Ich kumm aus fremden Landen her
und bring euch viel der neuen Mär
der neuen Mär bring ich so viel
mer dann ich euch hie sagen will

Vom Himmel hoch, da komm ich her.
Ich bring’ euch gute neue Mär
Der guten Mär bring ich so viel,
Davon ich singn und sagen will.

In de tweede plaats gaat Luther uit van het Kerstverhaal van Lucas 2: 8-18, waaruit naar rooms-katholiek gebruik, het ‘Krippenspiel’ en het ‘Krippewiegen’ zijn ontstaan. De kerstboodschap werd op deze wijze in de kerk eeuwenlang op theatrale wijze aanschouwelijk gemaakt. Daarnaast verplaatste Luther het danslied, dat op het dorpsplein werd gezongen, naar de huiselijke kring, dat later met het intussen geliefde ‘Vom Himmel hoch’ ook weer een plaats kreeg in de kerk. Ondertussen bleven de oude traditionele Latijnse Kerstliturgie en het volkse kerstlied het geheel een mystieke inkleuring geven. Al deze elementen werden door Luther reformatorisch ‘herschikt’ zodat niet alleen het Kerstverhaal voluit tot spreken komt, maar het Kerstevangelie daar bovenuit in een groter heilsverband wordt geplaatst.

De tekst van Luther laat zich eigenlijk lezen als een script, als een choreografie voor een theatraal, liturgisch spel. In een aantal liedbundels is die rolverdeling dan ook gedetailleerd weergegeven, zoals in Das Quempas-Buch uit 1962. Hier staat bij de eerste vijf strofen de aanduiding ‘engel’, bij vers 6 staat ‘alle kinderen’, bij strofe 7 ‘jongste kind’, waarna vanaf vers 8 t/m vers 12 telkens afwisselend één kind een strofe zingt, waarna bij vers 13 en 14 het jongste kind weer aan de beurt is. Pas bij de laatste strofe wordt het lied door allen gezongen. Alleen in het Gezangboek van de Evangelische Broedergemeente in Nederland (1968, gezang 92) vinden wij nog zo’n rolverdeling aangegeven.

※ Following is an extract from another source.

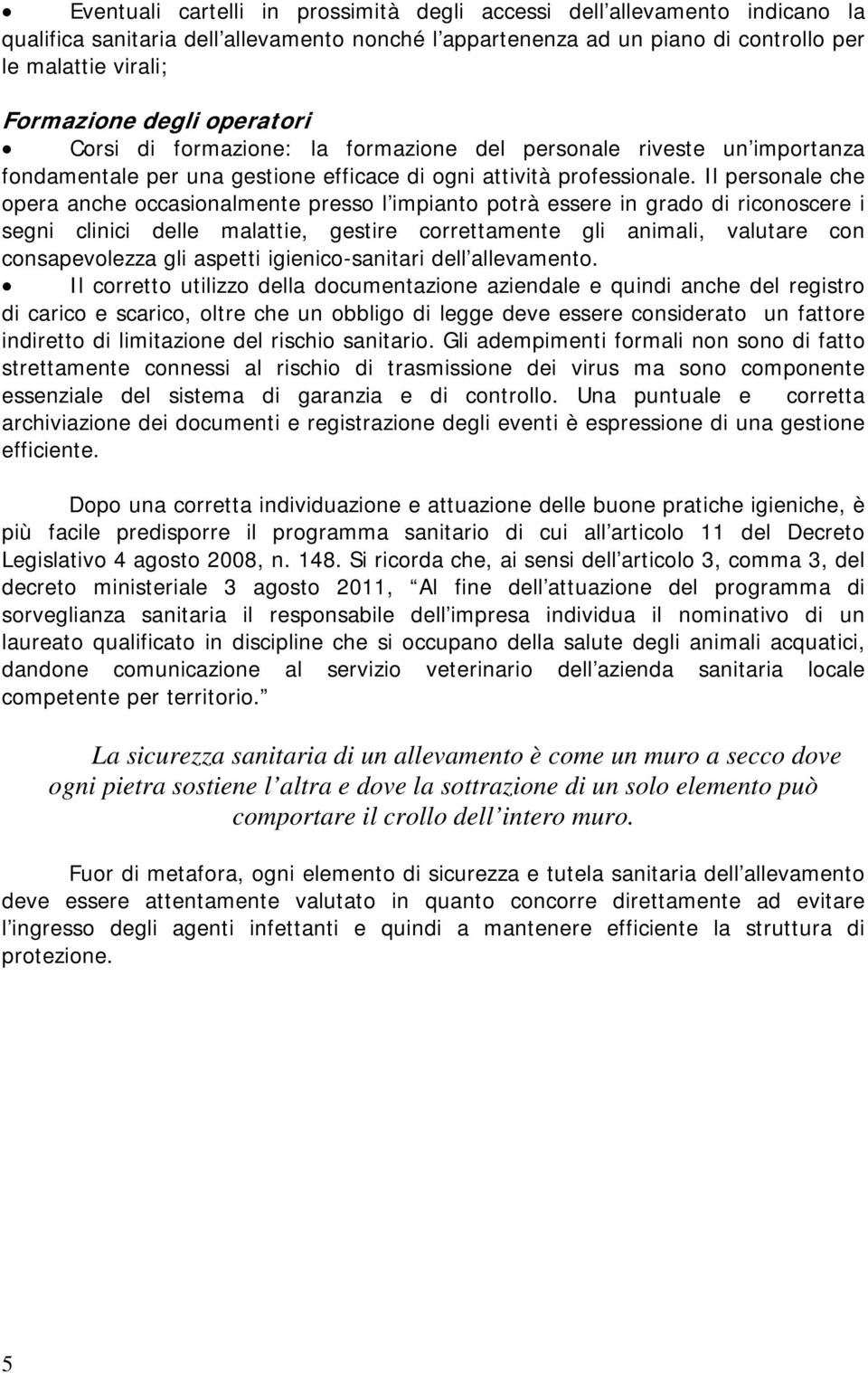 Il personale che opera anche occasionalmente presso l impianto potrà essere in grado di riconoscere i segni clinici delle malattie, gestire correttamente gli animali, valutare con consapevolezza gli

Boven alle speelsheid uit schreef Luther een kinderlied dat qua structuur en inhoud tevens een volwassen kerklied is. De speelse melodie van ‘Ich komm aus fremden Landen her’ verving hij vijf jaar later voor de ons bekende melodie. De diepgang van zijn tekst komt inderdaad beter tot spreken door zijn nieuwe melodie zoals we hieronder bij de bespreking van de melodie zullen zien. Het is jammer dat in veel latere bundels een selectie is gemaakt uit de vijftien strofen, waardoor de totaalstructuur van het lied daardoor onzichtbaar is geworden. Ook is het jammer dat in een bewerking van Valentin Triller, predikant in Panthenau, in 1555 een inleidende strofe is toegevoegd, voorafgaande aan de oorspronkelijk tekst:

Es kam ein Engel hell und klar
von Gott aufs Feld zur Hirtenschar;
der war gar sehr von Herzen froh
und sprach zu ihnen fröhlich so:

Het spontane is met deze inleidende strofe helaas verdwenen, liturgie moet je vieren en niet inleiden, liturgie moet worden gedaan en worden beleefd, het moet je in één keer overkomen.

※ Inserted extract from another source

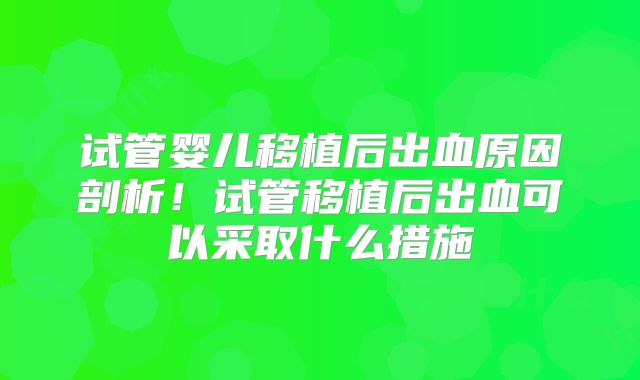 试管婴儿移植后出血原因剖析！试管移植后出血可以采取什么措施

De eerste strofe van het oude danslied zette Luther aan tot het schrijven van zijn lied, maar daarna had hij qua inhoud een blanco stuk papier. De structuur van het lied wordt wel bepaald door de traditie: hij volgt het bekende voorbeeld van de ‘Krippenspielen’, zoals aangegeven door Ansgar Franz: 1: verkondiging van de geboorte door de engel (annuntiatio), 2: gang van de herders naar Bethlehem (transeamus), 3: aanbidding bij de kribbe (adoratio).

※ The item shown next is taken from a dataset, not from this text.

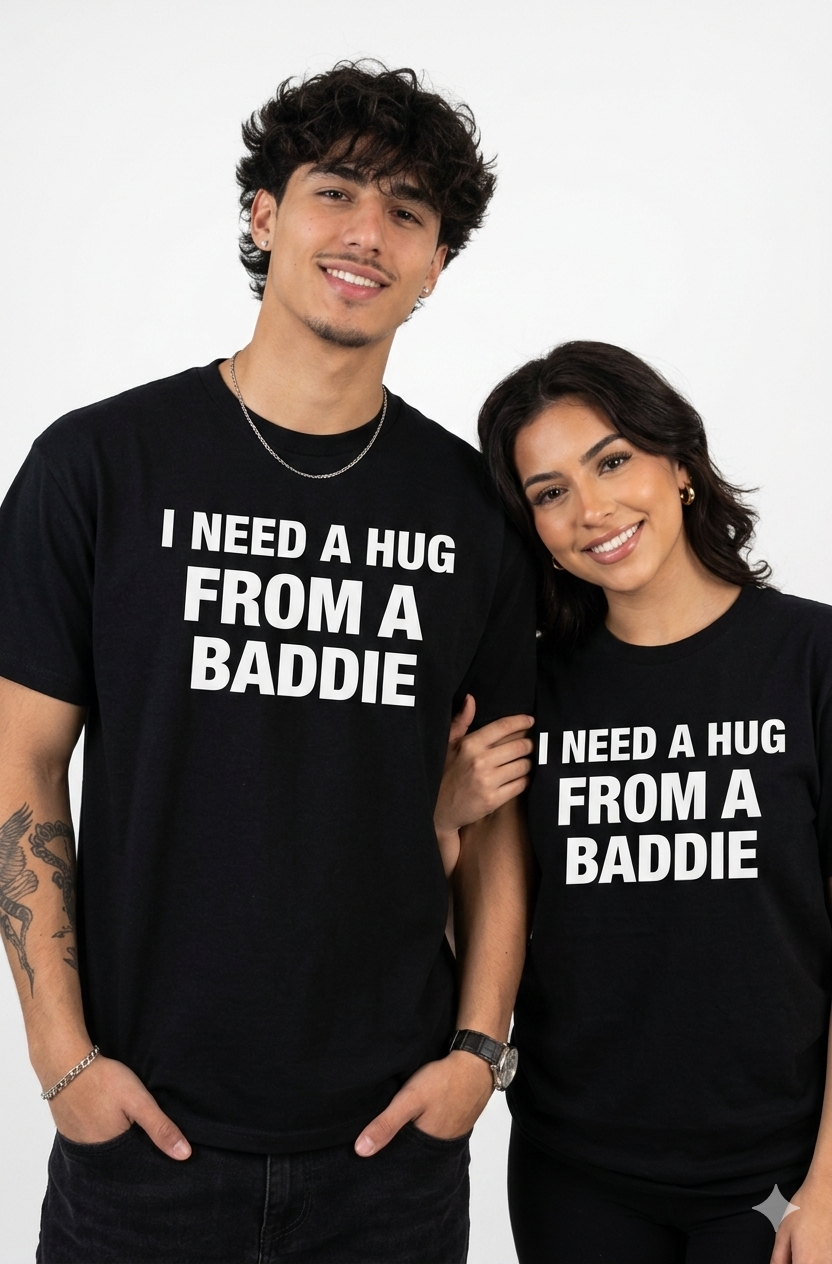 I NEED A HUG FROM A BADDIE T SHIRT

In de eerste vijf strofen is de ‘engel’ aan het woord, vanaf vers 6 vindt er een omslag plaats. In vers 6 is er allereerst een wisseling van spreker (het ‘ik’ van de ‘engel’ wordt het ‘wij’ van ‘alle kinderen’), na de verkondigende engel zijn er de toehoorders van de boodschap. Ten tweede is er ook een wisseling van locatie (‘laat ons gaan zoeken naar dat hemels kind’) en tenslotte is er een wisseling van het ‘horen’ naar het ‘zien’ (‘Zie, zie wat God hier heeft gedaan’). In vers 8 t/m 14 verandert het gemeenschappelijk ‘wij’ in het individuele ‘ik’, de verkondiging van het evangelie richt zich tot de gemeenschap, in het horen is er een reactie op die boodschap van het individu.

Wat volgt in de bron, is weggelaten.